Сен-Map подоспел как раз вовремя, чтобы спасти их; он назвал себя сержантом и, воспользовавшись Граншаном как переводчиком, сказал, что двое пленников принадлежат ему и что он отведет их в свою палатку; он капитан королевских гвардейцев и ответственность берет на себя. Немец, как человек дисциплинированный, не осмелился возражать; сопротивление оказал только сам пленный офицер. Еще стоя на лесенке, он обернулся и точно с кафедры сказал с язвительной усмешкой:

— Хотел бы я знать, чего тебе тут надо? Откуда ты взял, что я дорожу жизнью?

— Я об этом и не спрашиваю,— ответил Сен-Мар,— мне совершенно безразлично, что с вами станется потом, но сейчас я хочу воспрепятствовать делу, которое мне представляется несправедливым и жестоким. А потом вы можете лишить себя жизни, если пожелаете.

— Недурно сказано, продолжал свирепый испанец,— ты мне нравишься. Поначалу я подумал, что ты намерен проявить великодушие в расчете, что мне придется благодарить тебя, а этого я терпеть не могу. Ну что ж, я согласен слезть отсюда: но я все-таки буду по-прежнему ненавидеть тебя, ибо ты француз,— предупреждаю тебя об этом и благодарить тебя не стану, потому что мы всего лишь квиты: я сегодня утром помешал этому солдату убить тебя; ведь он уже прицелился, а еще не было случая, чтобы он промахнулся, охотясь на серн в горах Леоне.

— Пусть так,— сказал Сен-Мар,— слезайте.

Он давно взял себе за правило относиться к людям так же, как сами они ведут себя по отношению к нему, и резкость испанца вызвала в нем ответную суровость.

— Ну и отчаянный же молодчик, ваше сиятельство,— заметил Граншан,— на вашем месте господин маршал не позволил бы ему спуститься с лесенки. Эй, Луи, Этьен,

Жермен, возьмите под стражу пленных его сиятельства и ведите их. Нечего сказать, хороша находка. Весьма удивлюсь, если от нее будет прок.

Каждый шаг лошади причинял Сен-Мару сильную боль; он ехал медленно, чтобы не обогнать пленных, которые шли пешком; вдали он видел колонну королевских гвардейцев, следовавших за королем, и старался предугадать, что именно хочет сказать ему монарх. Луч надежды осветил в его воображении далекий образ Марии Мантуанской, и на время в его душе воцарился мир. Но вся его будущность заключалась в словах: понравиться королю,— и он стал размышлять о том, как много горечи заключено в этой истине.

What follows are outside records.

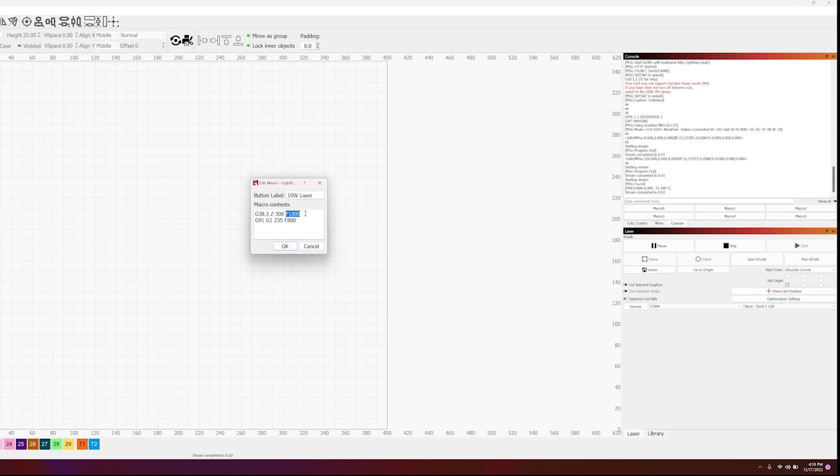The first line moves the stepper connected to Z negative 300 steps; F is the speed. I recommend always starting with 100 to check the speed — if it's moving too fast go with 50, too slow go with 200, 300, 400, and so on. The second line tells it to look for the probe to make contact. Once contact is made it goes back — in this case I have it set to go back 35 millimeters at a speed of 900, a little bit faster.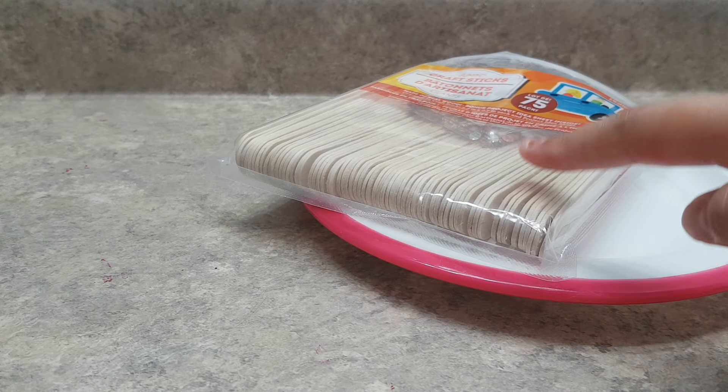Hey guys, I'm going to be showing you how to make glitter slime. So let's get started. The supplies you'll be needing is a plate or a bowl to mix in.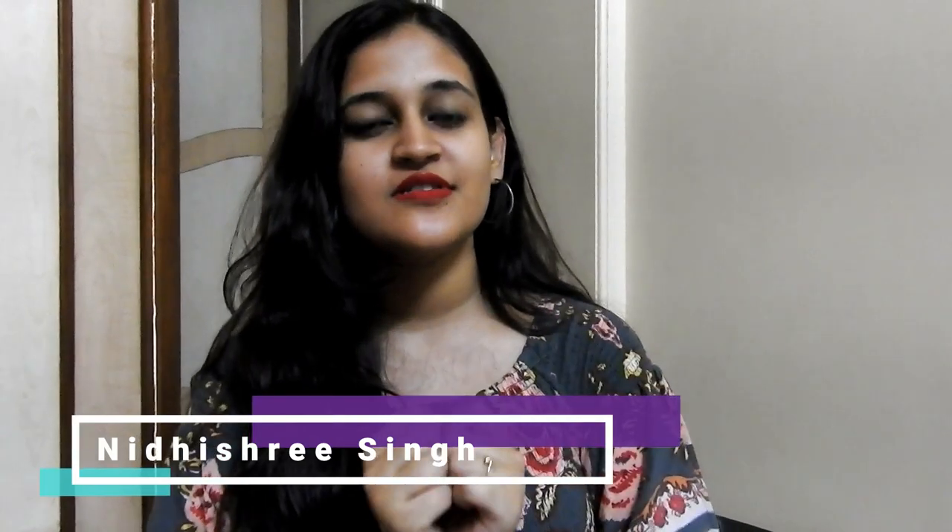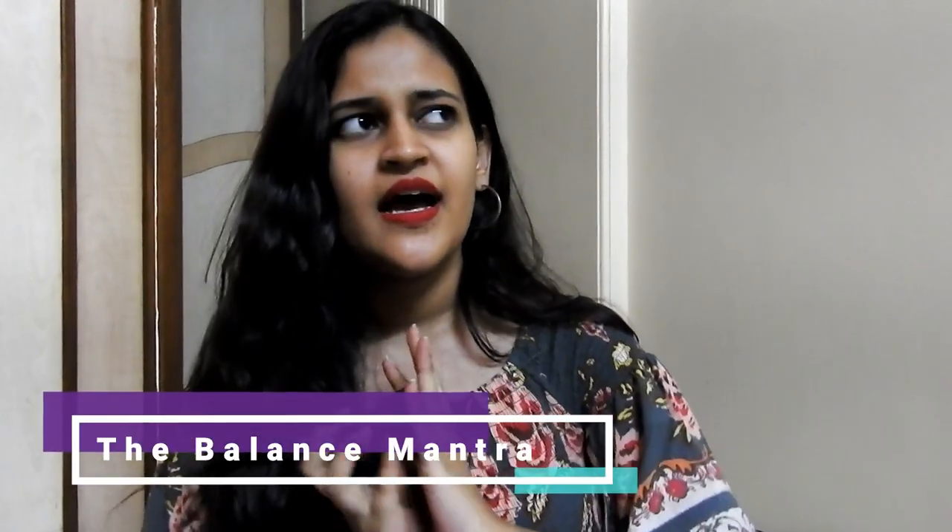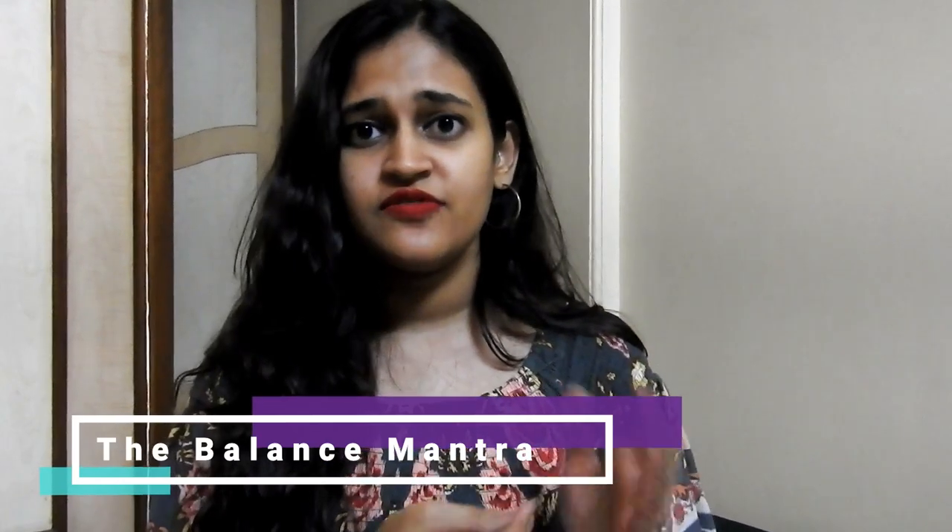Hey guys, welcome back to my channel, The Rivasoul. I'm Nidishri Singh and I'm back with a new video. Today's video is going to be a review video in which I'm going to review an essential oil I received a few days ago. I'll review the packaging first, then the ingredients, how I used it, how well it worked for me, and then give my final verdict.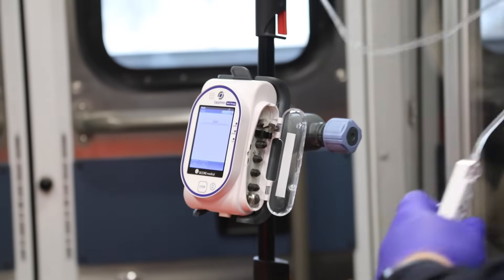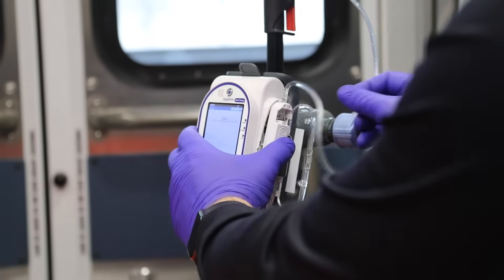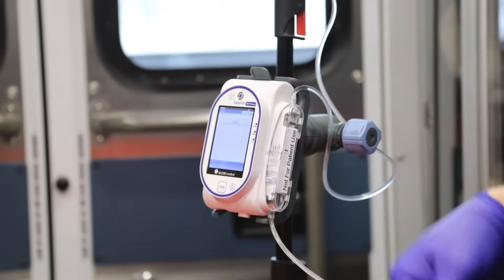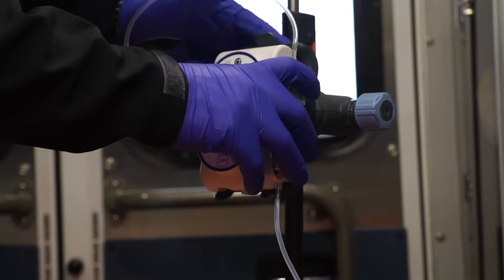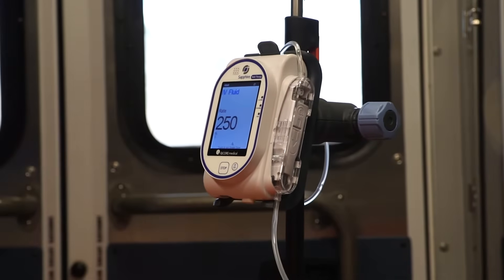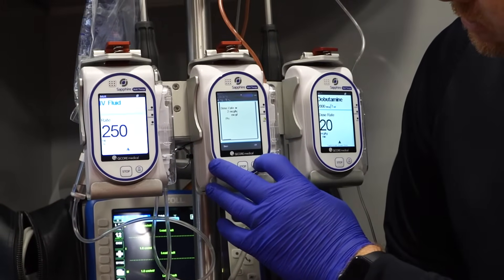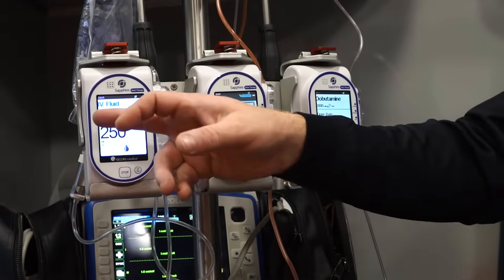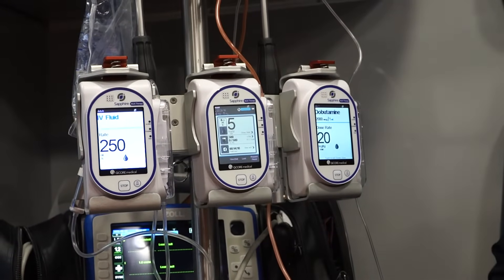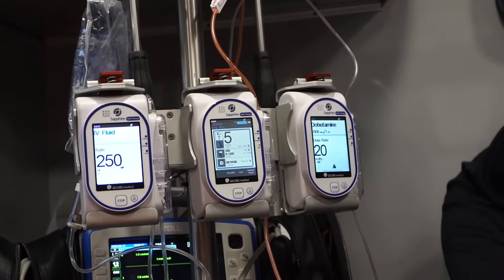They do have proprietary drip sets like most pumps — it's just a cartridge that snaps into the side. A lot of folks ask what if that door gets knocked off. Whatever infusion is running will not stop. However, you do have to have this door in place to start a new infusion. So if for some reason this door gets sheared off mid-infusion, you don't have to worry about your patient care at that time, but you will have to get it repaired or replaced prior to starting a new infusion.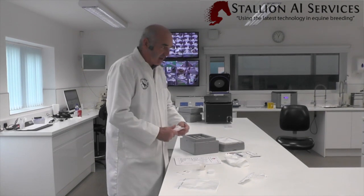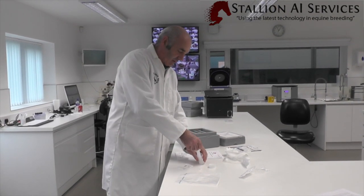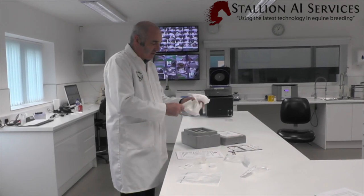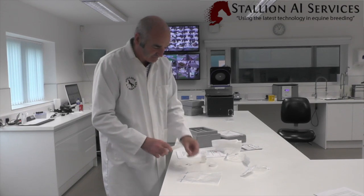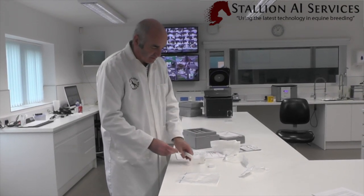So we put that one in. We get our other syringe, take the semen up, wipe that off, and stick the other label on.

Тут он увидел приближающегося к нему господина де Ту; его друг беспокоился, узнав, что он отстал, принялся искать его в долине и поспешил, чтобы в случае надобности помочь ему.

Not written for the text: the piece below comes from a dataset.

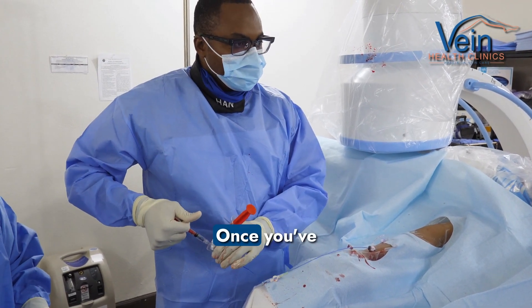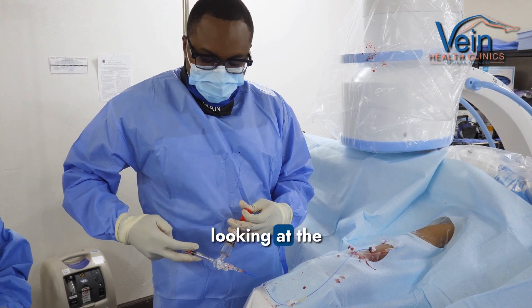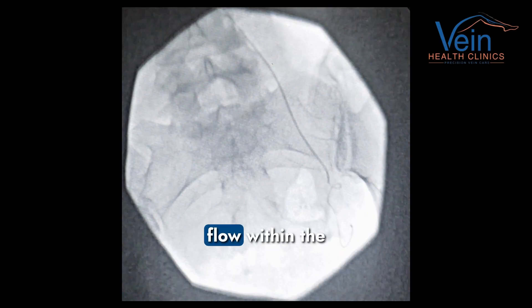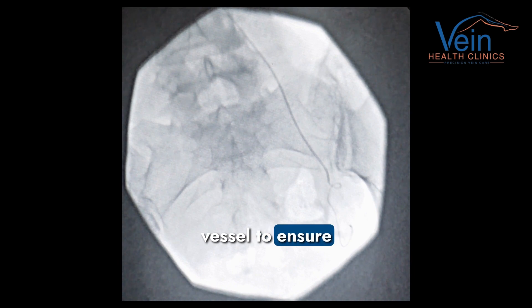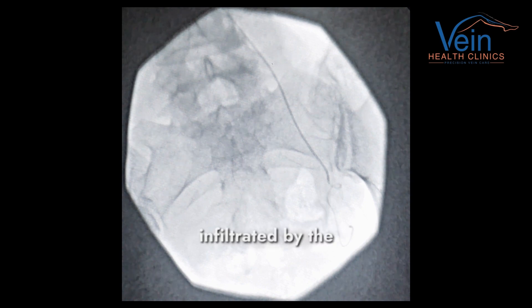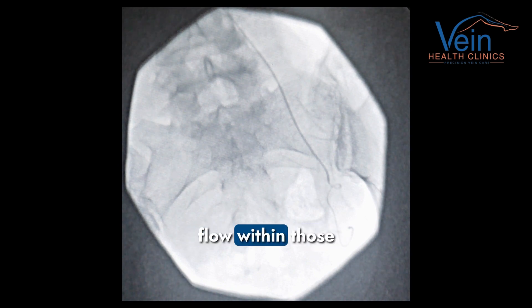Once you've injected the particles, you're basically looking at the screen the whole time to make sure there's continuous forward flow within the vessel to ensure that those particles only go into fibroids. Once you stop having forward flow, we stop injecting. We know at that point that the fibroids are completely infiltrated by the particles and there should be no more flow within those fibroids.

— Уже поздно, друг мой, смеркается; вы очень задержались, я тревожился за вас. Кого это вы ведете? Почему вы так замешкались? Скоро король потребует вас к себе.

Таковы были вопросы, которые задавал молодой советник, так как беспокойство за судьбу товарища по оружию вывело его из привычного равновесия, которое он не терял даже в бою.

— Меня слегка ранило; я веду пленного, а сейчас думал о короле. Зачем я ему нужен? Как поступить, если он пожелает приблизить меня к трону? Придется угождать. При этой мысли, признаюсь, мне хочется бежать без оглядки, но я надеюсь, что на мою долю не выпадет роковая честь жить возле него. Угождать! Какое унизительное слово. Повиноваться — не так оскорбительно. Солдат всегда готов отдать свою жизнь, и этим все сказано. Но сколько угодничества, сколько притворства, сколько сделок с собственной совестью, какое унижение ума связано с судьбою придворного! Ах, де Ту, дорогой мой де Ту, я не создан для двора, чувствую это, хоть и видел двор всего лишь мгновение; в глубине души во мне таится дикарь, и воспитание придало мне только внешний лоск. Издали мне казалось, что я смогу жить в этом мире, среди всемогущих людей, я даже желал этого, ибо мною руководила мысль, очень дорогая моему сердцу; и вот с первого же шага я отступаю; вид кардинала привел меня в трепет; воспоминание о его последнем преступлении, совершенном у меня на глазах, помешало мне говорить с ним; он мне отвратителен, и я никогда не смогу обратиться к нему хоть с единым словом. В благосклонности короля тоже есть что-то устрашающее, словно его благоволение несет мне гибель.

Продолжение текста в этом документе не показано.